**Data extracts:**
------

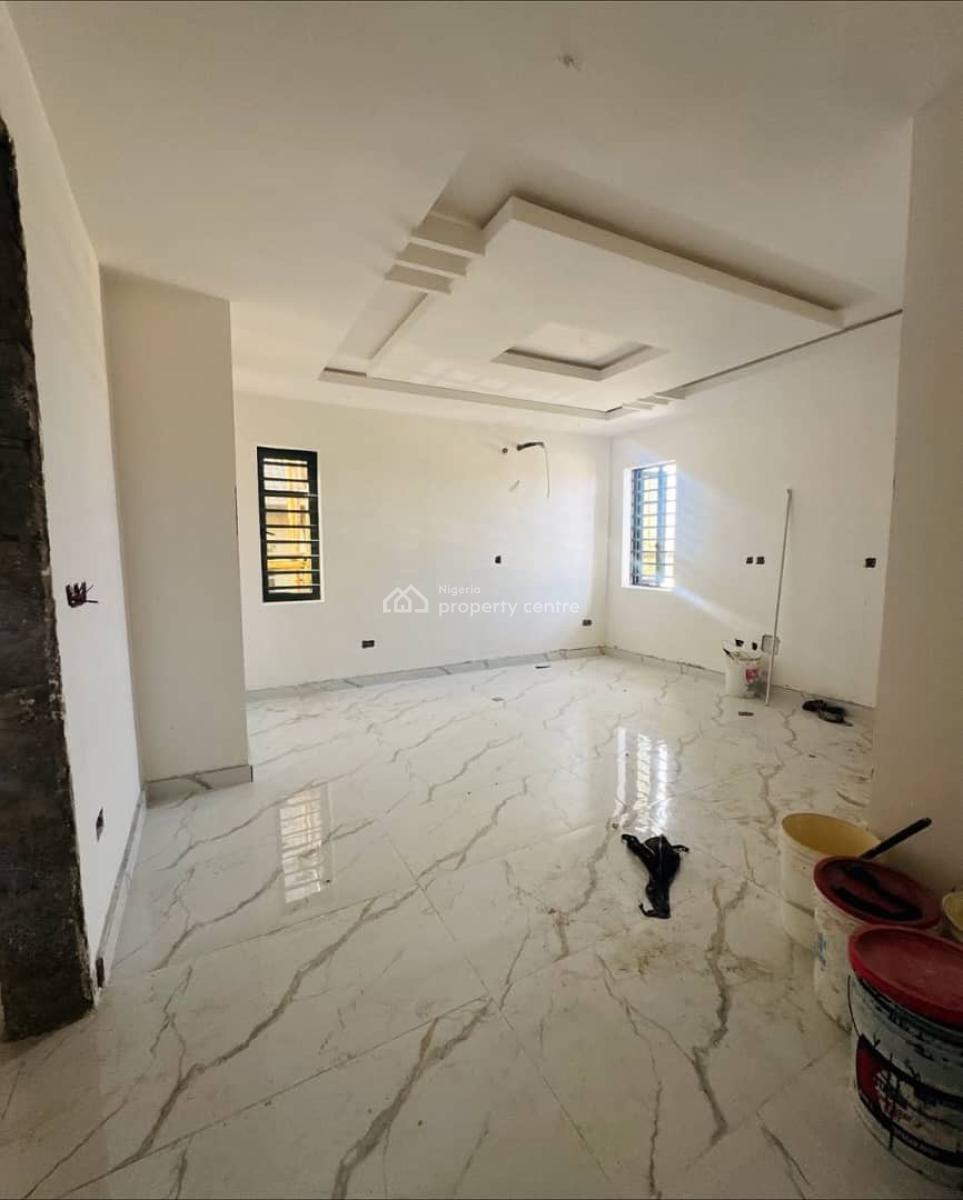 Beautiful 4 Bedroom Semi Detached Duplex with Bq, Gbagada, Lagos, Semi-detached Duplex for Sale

------

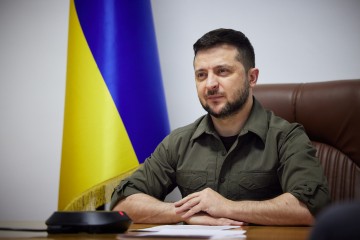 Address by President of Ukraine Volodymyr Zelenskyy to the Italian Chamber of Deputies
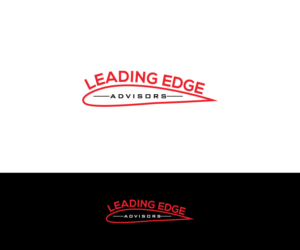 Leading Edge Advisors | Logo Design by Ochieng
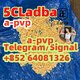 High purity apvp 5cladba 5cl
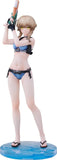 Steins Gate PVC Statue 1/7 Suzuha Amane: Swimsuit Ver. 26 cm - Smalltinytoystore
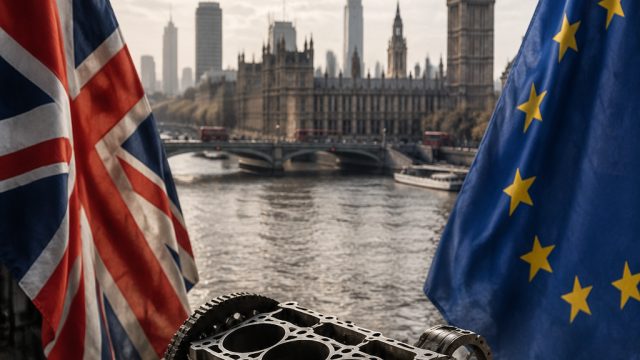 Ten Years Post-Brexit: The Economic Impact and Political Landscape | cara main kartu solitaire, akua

------

**Problem statement:** Above are the records. Copy word for word only their lines from the one holding "Leading Edge Advisors" through the one holding "Ten Years Post-Brexit: The", both included, and skip the images.

**Result:**
 Leading Edge Advisors | Logo Design by Ochieng
 High purity apvp 5cladba 5cl
 Steins Gate PVC Statue 1/7 Suzuha Amane: Swimsuit Ver. 26 cm - Smalltinytoystore
 Ten Years Post-Brexit: The Economic Impact and Political Landscape | cara main kartu solitaire, akua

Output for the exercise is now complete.